L'arca olearia
L’ossidazione dell’olio di oliva: come nasce il difetto di rancido
La formazione di aromi sgradevoli, prodotti attraverso vie ossidative, aumenta gradualmente: (E,Z)- e (E,E)-2,4-decadienale e (Z)-2-nonenale sono marcatori chimici per l'irrancidimento dell'olio d'oliva
29 marzo 2024 | T N
L’ossidazione dei lipidi è stata riconosciuta come il problema principale che affligge gli oli commestibili, poiché è la causa di importanti cambiamenti deteriorativi nelle loro proprietà chimiche, sensoriali e nutrizionali. L'autossidazione e la fotoossigenazione, dovute alla presenza di ossigeno nell'aria, sono praticamente inevitabili. Quando i lipidi si ossidano, possono formare idroperossidi, che sono suscettibili di ulteriore ossidazione o decomposizione in prodotti di reazione secondari come aldeidi, chetoni, acidi e alcoli. In molti casi, questi composti influenzano negativamente sapore, aroma, gusto, valore nutrizionale e qualità generale. Molti sistemi catalitici possono ossidare i lipidi. La maggior parte di queste reazioni coinvolgono alcuni tipi di radicali liberi o specie di ossigeno. L'ossidazione può essere prodotta sia al buio che in presenza di luce, che presentano differenze nel loro percorso di ossidazione dovute all'azione di variabili esterne.

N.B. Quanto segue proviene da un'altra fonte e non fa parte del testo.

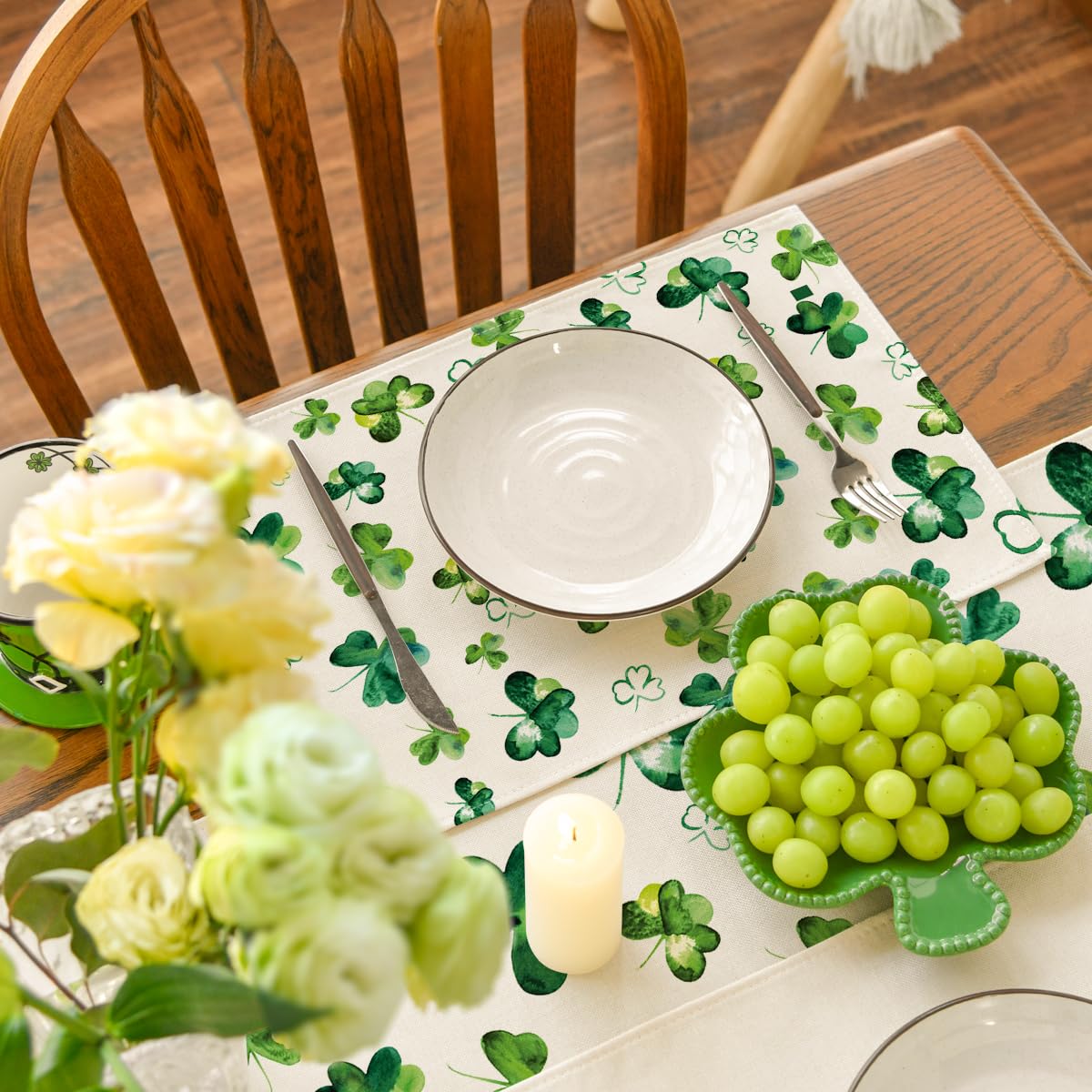 Artoid Mode Lucky Shamrock St. Patrick's Day Placemats for Dining Table, 12 x 18 Inch Seasonal Holiday Rustic Vintage Washable Table Mats Set of 4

L'olio di oliva vergine è considerato resistente alla degradazione ossidativa a causa di un basso contenuto di acidi grassi saturi, di un elevato rapporto tra acidi grassi monoinsaturi e polinsaturi e della presenza di componenti minori antiossidanti naturali come α-tocoferolo e composti fenolici. Tuttavia, la degradazione ossidativa dell’olio d’oliva è la causa più importante di una percezione sensoriale sfavorevole.

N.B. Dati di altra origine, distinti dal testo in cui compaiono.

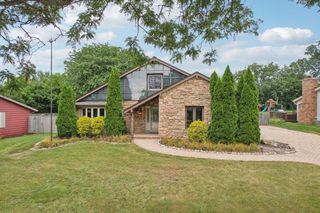 901 Canterbury LANE, Waukesha, WI 53188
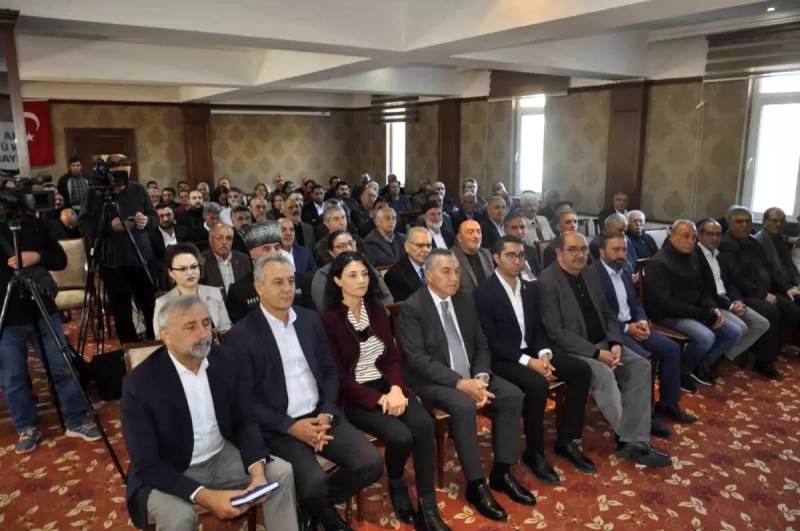 DEM Partiyasının Sədri Bakırhan: PKK Özünü Ləğv Etdi, Silahlar Tamamilə Dövriyyədən Çıxarıldı Xəbər şəkili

L’ossidazione dell’olio di oliva: come nasce il difetto di rancido
Per identificare gli odori responsabili di un sapore rancido negli oli di oliva, in primo luogo, i composti aromatici chiave in un olio extravergine di oliva premium sono stati caratterizzati mediante l'approccio sensomico e sono stati poi confrontati con quelli presenti in un sapore rancido certificato. aroma di olio d'oliva ottenuto dal Consiglio oleicolo internazionale (CIO).
L'acido acetico ha mostrato il coefficiente di Pearson più alto tra l'intensità percepita del difetto di rancido e la concentrazione dell'odore. In particolare, (E,Z)- e (E,E)-2,4-decadienale e (Z)-2-nonenale possono essere suggeriti come marcatori chimici per l'irrancidimento dell'olio d'oliva in combinazione con marcatori aromatici positivi, ad esempio l'acetaldeide e (Z)-3-esenale.
Dopo un processo di ossidazione le sostanze volatili iniziali, molte delle quali responsabili delle gradevoli caratteristiche sensoriali dell'olio e prodotte principalmente attraverso vie biochimiche, scompaiono nelle prime ore, e la formazione di aromi sgradevoli, prodotti attraverso vie ossidative, aumenta gradualmente. Sono stati identificati i principali composti volatili possibilmente responsabili di off-flavor (51) ed è stata studiata la loro evoluzione durante il processo ossidativo.
Durante il processo di ossigenazione è stato determinato il contenuto di acidi grassi. Gli acidi grassi insaturi sono risultati essere i principali precursori dei composti volatili presenti nei campioni ossidati. La misurazione precoce del nonanale (che non è stato rilevato affatto, o solo a livello di tracce, nei campioni di olio extravergine di oliva) potrebbe essere un metodo appropriato per rilevare l'inizio dell'ossidazione. Il rapporto esanale/nonanale è stato utilizzato per differenziare tra campioni di olio d'oliva vergine ossidato e di buona qualità. La valutazione sensoriale dei campioni e il valore di perossido concordavano sull'evoluzione dell'ossidazione.